# The best way to get website payments ?



## hakouna (8 Mar 2007)

Hi .. 

I am setting a web site where I will accept payments with Credit cards and other debit cards. I was wondering what is the best & secure way to get paid through the internet ?

I got advice from american friend that paypay will do this for me , but unfortunately , paypal doesn't accept laser card payment which is widely used here in Ireland . 

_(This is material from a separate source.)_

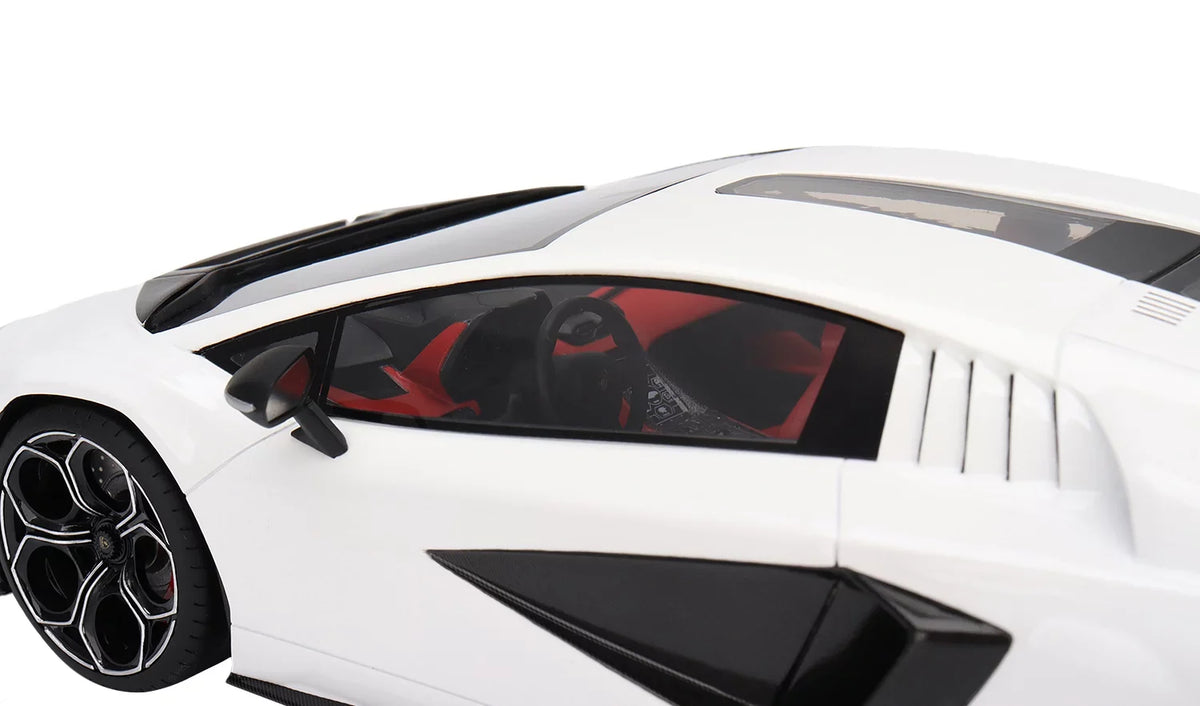 Diecast Lamborghini Countach LPI 800-4 Bianco Siderale White with Midnight Accents 1/18 Model Car by Top Speed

Any advice for Irish accepted online payment system ?

Thanks in advance
hak


----------



## Gulliver (8 Mar 2007)

Talk to Realex (Based in Glasthule).  They provide credit card and Laser services for over 1,000 sites, large and small.  See


----------



## hakouna (8 Mar 2007)

Thanks Gulliver .. I checked their web site and it seems the one I am looking for . 
Any advice on what sort of money they will ask ( roughly ) for a basic internet payment account ?
Any other compatitors in the Irish market you aware of ?


----------



## Gulliver (8 Mar 2007)

Not aware of other competitors.  Realex supports many of the biggest sites including major airlines, motortax.ie, etc.,

No idea on charges - but from their rate of growth, they must be getting things right for many.

Be careful with Laser - it was not designed for cardholder-not-present transactions, and so all online systems accepting Laser do so outside of normal Laser rules.


----------



## hakouna (9 Mar 2007)

Thanks Gulliver .
Just a basic question ( Excuse my ignorance ) ; Is payPal internet payment system accepted here in Ireland by banks and public ?


----------



## greentree (6 Sep 2007)

hakouna said:


> Thanks Gulliver .
> Just a basic question ( Excuse my ignorance ) ; Is payPal internet payment system accepted here in Ireland by banks and public ?

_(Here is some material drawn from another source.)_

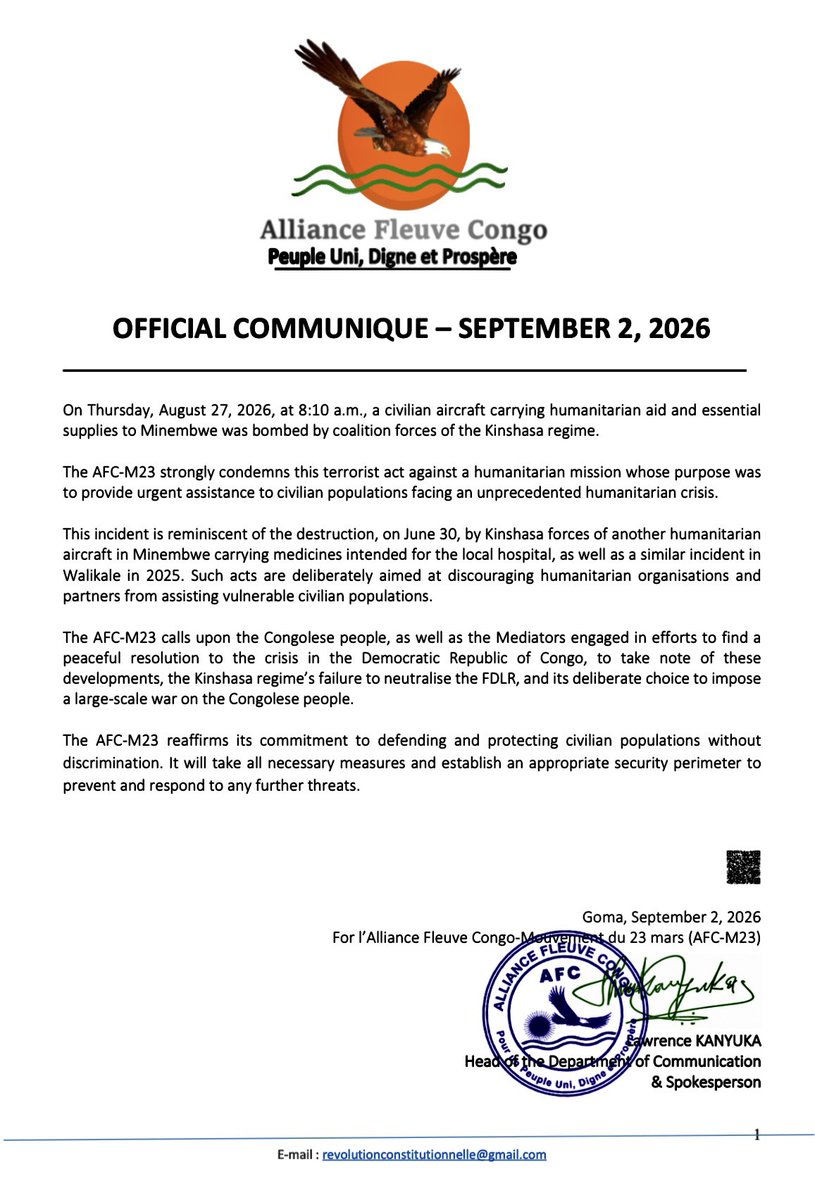 LawrenceKanyuka's tweet photo. COMMUNIQUÉ OFFICIEL DE L’ALLIANCE FLEUVE CONGO-MOUVEMENT DU 23 MARS (AFC-M23) DU 2 SEPTEMBRE 2026 ⤵️ https://t.co/pifNQ8LiRC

My advice is (and I work in this industry!) is to go with Realex. Paypal will cost you more in the long run but is cheaper to setup. (They charge more per txn than realex). As you say, with realex you can get laser and about 15% of txns online here through Irish websites are with laser. Also, there is more customer drop off with paypal than directly with a credit card.

Note, you will also need a merchant account from your bank (Realex use this to process the transactions).

Sorry - to answer your question, yes, the Irish public do use paypal but some people are wary/confused about it and yes, paypal will fund to irish banks.

Mike


----------



## boskonay (7 Sep 2007)

Realex gets my recommendation too.


----------



## blacknight (11 Sep 2007)

If your volumes are high enough then get yourself a merchant account and use Realex. 

If your volumes are low then paypal is a good starting point.


----------



## jimrohnfan (11 Sep 2007)

A lot depends on the amount of transactions (both no.of transactions and money value). We had a bad experience with paypal so wouldn't use them -also the don't take Laser. We found realex to be very expensive so we went with World Pay ([broken link removed]) which we are very happy with. If you go into the website you want Europe, Middle East & Africa not United Kindgom.

Regards


----------



## gobig (11 Sep 2007)

Blacknight nailed it on the head. If you want the system up and running fast, havent experience of integrating a payments system and dont forsee a massive volume paypal might be the one. Although it is a little sloppy looking it will prove to be one of the cheapest ways to receive a small number of payments until you are getting volume in..


Realex is great. Give them an idea of what volumes you anticipate and they will agree to charge a set fee per month for a basic number of transactions with every extra transaction charged extra i.e.  25cent per payment with a minimum payment of 250 per month. 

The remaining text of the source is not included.